A significant component of the increase also comes from appreciation of Bitcoin holdings, which now quite unexpectedly makes up more than five per cent of the portfolio. Originally, because the amounts were small I folded this allocation into a ‘gold and alternatives’ category, but I have broken it out this update, so that I have better visibility on what is happening to both the gold and Bitcoin components. This reveals that my gold allocation remains under my benchmark of 10 per cent. An issue I have to think about is how much these two assets move together, or actually ‘covary’ (i.e. move in different directions, dampening volatility). Psychologically, I’m not sure if I really regard the Bitcoin gains as real.
This month I moved to a less costly online broker (directshares), which has halved the cost of buying ETFs. It’s not the least cost provider, but due to my banking set up, was a good compromise for ease of access and speed of moving funds. As a portfolio monitoring device, I have also stumbled onto Sharesight, which I have yet to explore fully. It’s free for small simple portfolios and seems a really smooth and polished way to understand portfolio returns, and their capital and dividend parts.

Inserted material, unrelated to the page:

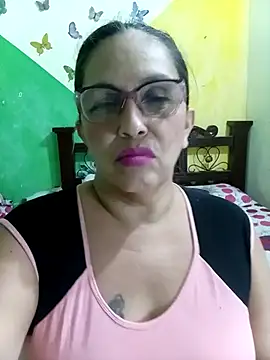 Snapshot of mom_son_dirty chatting on 04-14-26, 01:00 mom son dirty online show from 04-14-26, 01:00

Equity markets continue to hold up, which means that even if I take account of a further Vanguard Australian shares increment still to be fed into the portfolio, my equity allocation is still sitting below my target, at market highs. This is not a comfortable position to be. To date I have always relied on new contributions to slowly readjust my allocations back to target. At some point, though, this becomes mathematically problematic, because the new contributions simply won’t ‘shift the dial’ enough.
This uncomfortable truth is currently meekly sitting alongside another, my dislike of transaction costs and triggering tax events. Increasingly, equity market conditions – especially in the United States, has made me consciously start playing out in my mind what a sharp turnaround might practically look like in my portfolio. My base case is a potential halving of equity markets (in the short term), knocking out around $300 000 of equity value. The difficult question – would this be good news or bad news at this point in portfolio accumulation?
Finally, the Brickx real estate platform has recently expanded to offer an Adelaide property for investment, so to maintain and enhance diversification I have made a small expansion in holdings. So far the portfolio has produced total returns of 5.5 per cent and delivered total distributions of $39.
Progress
Progress to goal: 75.5% (+4.2% ahead of target) or $361 840 further to reach goal.
Summary
Passing the 75 per cent milestone has been a significant surprise, and focused attention on just how definable and potentially close is my investment target. Four years ago, if I had been measuring, this figure would have been 33 per cent. Barring a major external market event, reaching my goal within two, three or four years is beginning to sink in as a concept.